If you have to suffer for your art, you might as well do it in style, right?

And where better to re-ignite that creative spark than in Paris, the City of Light?

For proof, look no further than Canadian songstress Sarah Slean, who moved base camp to Gay Paree in search of inspiration for her newly released fifth album The Baroness.

"It's the legacy of the art there, for me, the legacy of cherishing art," says Slean, 30, who spun a promotional tour in France into a seven-month sojourn. "I was way more inspired by all the art galleries and the fashion designers and the jewelry makers ...

"And it wasn't just the artistic influence, it was a life lesson. I learned a lot about myself by being lonely and not speaking the language."

Slean admits she journeyed "from somewhere dark to somewhere with hope" while overseas, noting the stay was prompted by existential anxieties over what it means to be alive. But she eventually came to the realization "you don't have to figure out how to be -- you just have to be," she says.

Along the way, she also found time to write the songs that make up The Baroness, a somewhat starker, more stripped down affair than her cabaret-pop-laden earlier works.

"The Baroness is a character that's been living in my mind for some time," says Slean, noting the musical alter ego also inspired her 2004 disc Day One. "The bigness and the brazenness and the audacity of that record, I attribute to The Baroness -- the guts you need for art-making."

But after assembling the track list for the new disc (written and recorded back home in Toronto), Slean realized none of the songs were particularly big, brazen, or audacious.

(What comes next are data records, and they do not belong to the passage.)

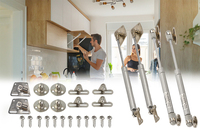 SINGSAM Vérin à gaz pour porte de meuble en fer, amortisseur de porte, support de vérin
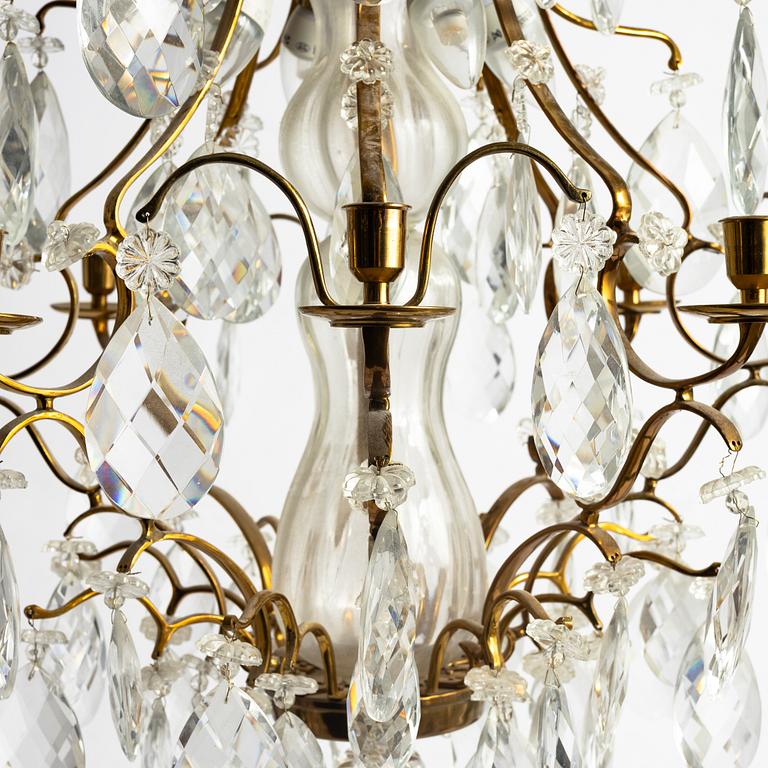 Chandelier, Rococo style, contemporary.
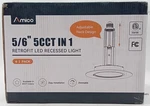 Amico 5/6 Inch 5CCT 1 Retrofit Recessed Lights With Adjustable Neck Pack. Fixed Price $39.99.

"I thought, 'Well, this is not that kind of music -- it's not grand at all,' " she continues. "Then I realized it's also barrenness, like barrenness -- the fragility and the nakedness and power of art-making unto itself."

A classical piano major who arranges all the string parts for her albums, Slean admits she found it tough to keep her more flowery influences in check while setting the largely confessional compositions to tape.

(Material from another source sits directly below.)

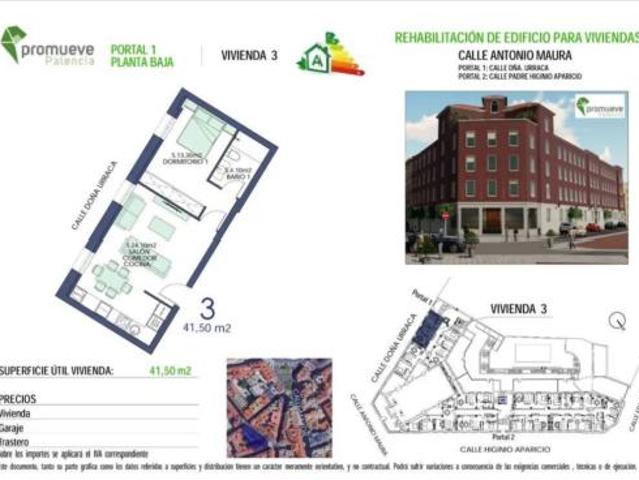 Piso en venta en Centro, Palencia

"That's why having a producer is so great," says Slean, who enlisted I Mother Earth founder Jagor Tanna to help in the studio. "He would trick me a lot of the time. I would have that instinct to put 12 more instruments on the thing, and he'd be like, "Just live on it for a week.' He kind of cajoled me into having the courage to leave it alone."

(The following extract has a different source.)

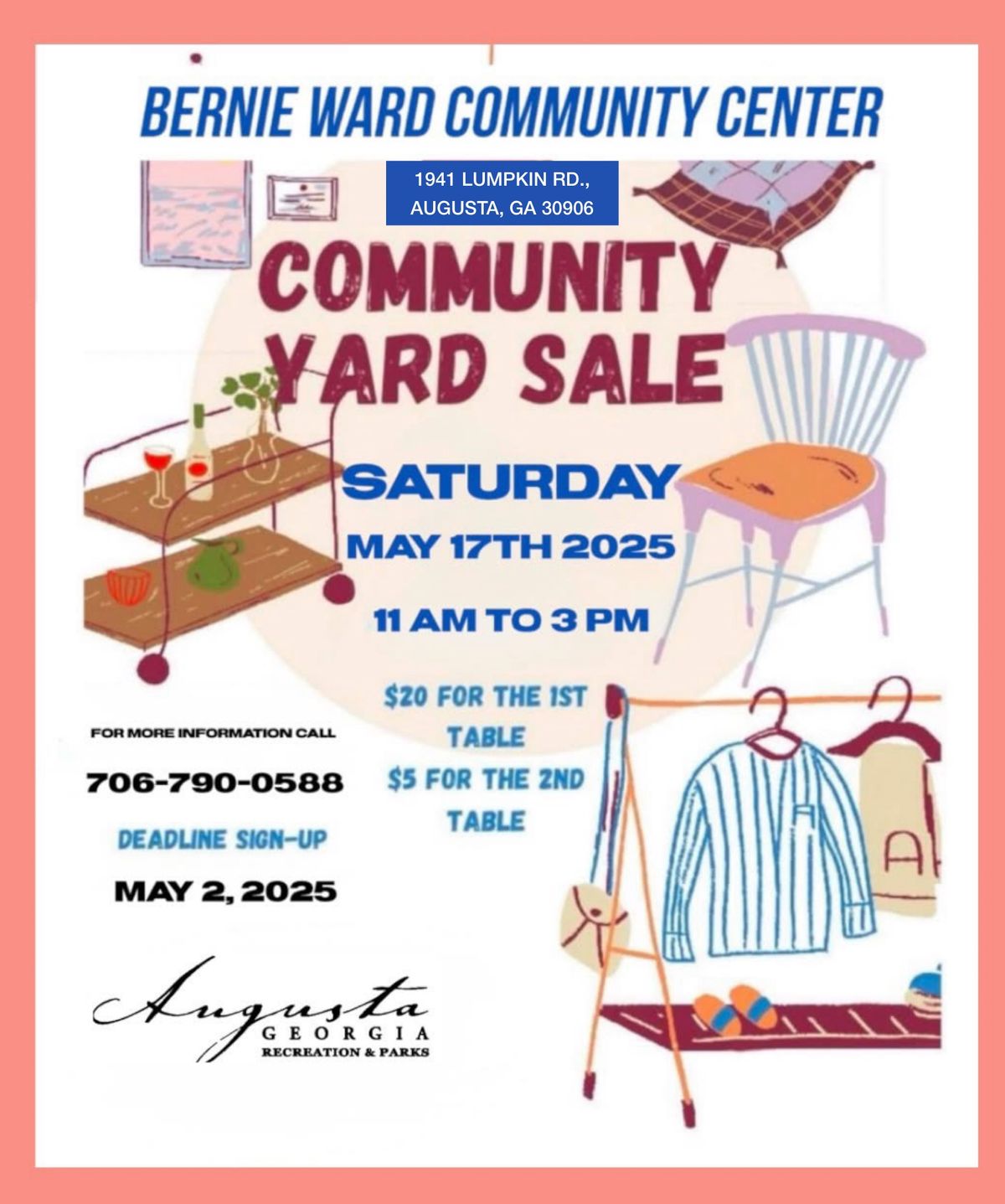 Community yard sale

While she's happy to have had the time away, Slean -- last here in February singing Glenn Buhr solos at the Winnipeg Symphony Orchestra's New Music Festival -- says she couldn't have written the album anywhere but at home.

"Your mind has to be still to have a chance for the thing to appear to you," says Slean, who appears with fellow piano prodigy Royal Wood this Mother's Day at Burton Cummings Theatre. "When I was in Paris, it was just waves of inspiration and stimulus. But then when I came home and I was going to school and I got a place of my own, the dust settled and the flower-heads of these songs started to appear."